Available data:
────────

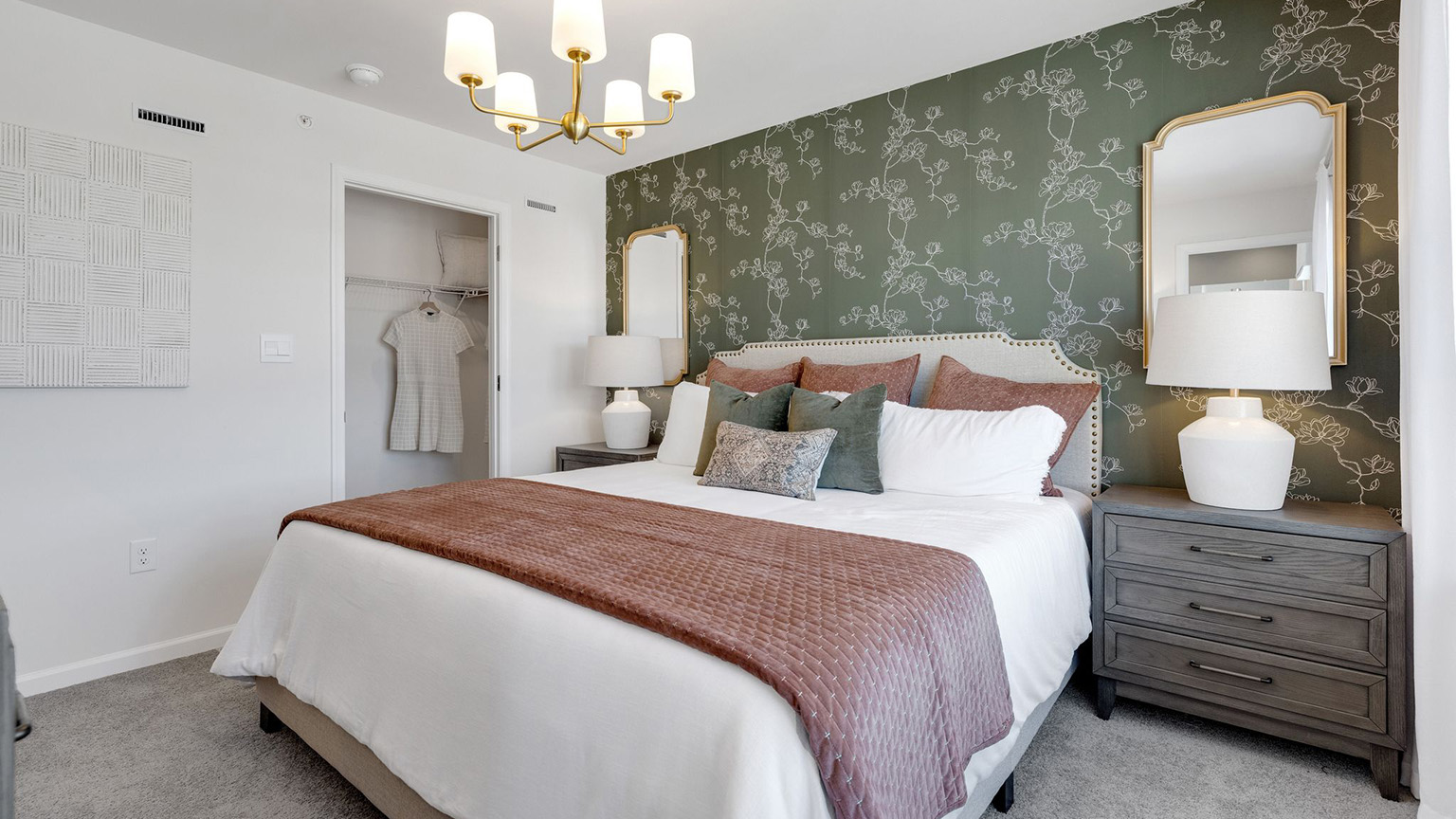 Primary bedroom with a closet.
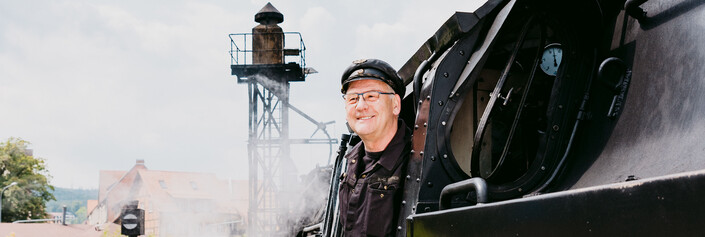 Ein Lokomotivführer schaut aus dem Führerstand einer dampfenden Lok heraus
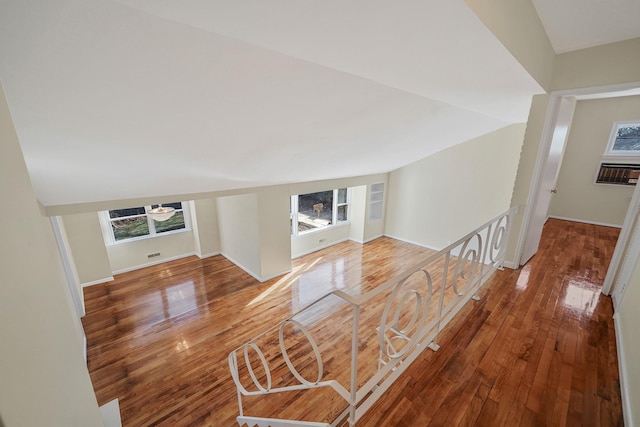 unfurnished living room featuring lofted ceiling, plenty of natural light, hardwood / wood-style flooring, and baseboards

────────

Task brief: Everything in the material above is to be reproduced exactly, pictures aside.

Response to this exercise:
 Primary bedroom with a closet.
 Ein Lokomotivführer schaut aus dem Führerstand einer dampfenden Lok heraus
 unfurnished living room featuring lofted ceiling, plenty of natural light, hardwood / wood-style flooring, and baseboards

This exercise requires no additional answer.